Comble de malchance, l’immense peuplier deltoïde d’une trentaine de mètres, qu’on pensait épargné, devra être abattu dans les prochaines semaines. Autre séquelle, à long terme, du verglas? «Je ne peux pas en être absolument certaine, confie la jeune femme, car l’arbre était déjà creux en son centre.»
Comment s’était-il comporté durant le verglas? «Il avait effectivement perdu d’assez grosses branches, mais pas au point de nous amener à le couper. Visuellement, il était assez bien et continuait, année après année, à produire des feuilles. Mais malgré tout, du fait d’un certain déséquilibre dans sa couronne, on avait fait un gros travail d’émondage il y a trois ans (qui avait diminué de 10 mètres environ sa hauteur), car notre voisin immédiat craignait qu’il ne s’effondre sur son garage, si un nouveau verglas survenait.»
Il y a deux ans, sa santé a soudainement périclité. «Il a commencé à perdre son écorce et le phénomène ne s’est jamais résorbé: l’arbre est donc en train de s’éteindre. Il sera mis à terre avant la fin de l’hiver.» Peut-on parler ici d’un exemple de choc post-traumatique «végétal»?
«Dans certains cas oui, mais pas dans le cas des peupliers deltoïdes, c’est certain, dit Bruno Boulet, pathologiste forestier au ministère des Ressources naturelles à Québec. D’abord parce que ces arbres sont très sensibles à la carie des racines, et la description que sa propriétaire en fait se rapproche de ça. Ensuite, il faut savoir que chaque arbre a une durée de vie limitée; pour les peupliers deltoïdes, c’est entre 30 et 110 ans, dépendant des conditions du sol, etc.
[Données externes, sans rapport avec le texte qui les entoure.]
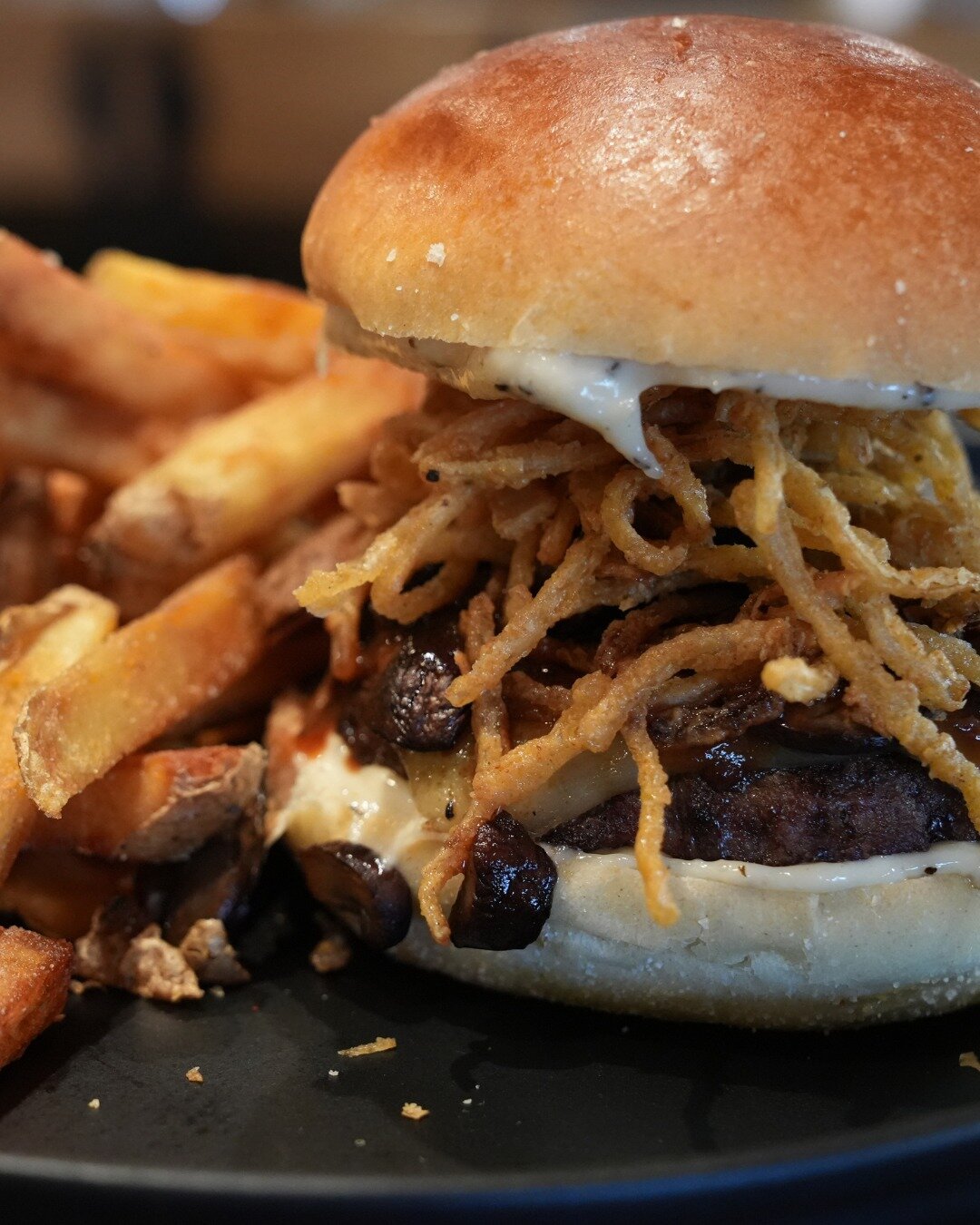 Our Steakhouse Burger features American Kobe beef from @rrqualitymeatsandseafood, crispy fried onion straws, saut&eacute;ed mushrooms, melty pepper jack cheese, garlic aioli, and house-made steak sauce. Start the week off right and come get you some!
Il est fort probable que l’arbre avait atteint la fin de sa vie.»
«N’empêche que je vois encore plein d’effets du verglas, quand je marche dans les forêts des alentours, confie l’horticultrice dont l’œil est rompu à ce genre de choses. Les arbres en général sont moins beaux, il y a une esthétique de la forêt qui a été emportée dans la tempête, et qui n’est pas encore revenue. Qu’importe: je n’ai pas cessé, depuis 10 ans, de replanter arbre après arbre …» Pour la suite du monde, aurait dit Pierre Perrault.